Knowledge Practices
This stream of work understands knowledge-as-practice, with its members taken as participants in explicating the ethics and politics of knowledge production in various contexts, including in classrooms, workplaces and tertiary institutions. Starting with positioning ethics as central, the knowledge practices stream tries to show the work required to resist status quo (enlightenment) knowledge production practice, focusing on what it means to teach and research with care, reciprocity, and sensitivity in the settler colony, supporting anti-harm, decolonial, and Indigenous approaches. Through this work the stream will support the production of objects of knowledge that are articulated as responsible, with accounts of how such assertions are grounded.
Part of the grounding of this stream’s work is understanding the ways colonialism constructs knowledge as a resource to be extracted and is thus committed to Indigenous data and knowledge sovereignty. Drawing from diverse sources, including Indigenous theorists and scholarship, it resists colonial claims to objectivity and understands knowledge to be always partial and located. The stream is committed to explicating the challenges of doing ethical knowledge practice within colonial institutions, always starting with those who participate in its projects.

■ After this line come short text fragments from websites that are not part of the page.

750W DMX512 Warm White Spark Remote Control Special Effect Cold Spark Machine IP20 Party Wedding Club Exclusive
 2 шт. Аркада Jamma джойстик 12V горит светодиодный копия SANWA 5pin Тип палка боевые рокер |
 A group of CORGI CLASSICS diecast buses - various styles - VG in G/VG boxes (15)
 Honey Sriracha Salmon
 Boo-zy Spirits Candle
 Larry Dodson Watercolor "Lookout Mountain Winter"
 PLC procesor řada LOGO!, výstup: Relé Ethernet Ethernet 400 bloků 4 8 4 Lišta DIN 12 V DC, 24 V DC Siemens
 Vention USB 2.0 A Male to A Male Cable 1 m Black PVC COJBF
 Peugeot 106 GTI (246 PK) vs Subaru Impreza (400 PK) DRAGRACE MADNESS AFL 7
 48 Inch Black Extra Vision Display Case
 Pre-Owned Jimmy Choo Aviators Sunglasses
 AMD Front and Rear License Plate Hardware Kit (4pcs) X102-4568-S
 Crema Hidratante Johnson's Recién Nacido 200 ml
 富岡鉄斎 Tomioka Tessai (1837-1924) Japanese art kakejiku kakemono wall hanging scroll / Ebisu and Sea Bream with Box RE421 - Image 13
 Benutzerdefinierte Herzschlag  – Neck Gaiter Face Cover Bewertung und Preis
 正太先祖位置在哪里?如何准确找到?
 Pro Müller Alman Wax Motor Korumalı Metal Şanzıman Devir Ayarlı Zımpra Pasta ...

In working both separately and collectively, our team sees the emerging research within this stream of work as itself providing fertile empirical grounding for elucidating the potential and limits of a focus on knowledge-as-practices within the routines of colonial institutions, and in collaboration with other knowledge authorities and their institutional practices. As scholars, actively reflecting on emerging inquiries which centre knowledge-as-practice, we aim to understand ourselves and our contributions, and through this be responsible and accountable for the work that we do.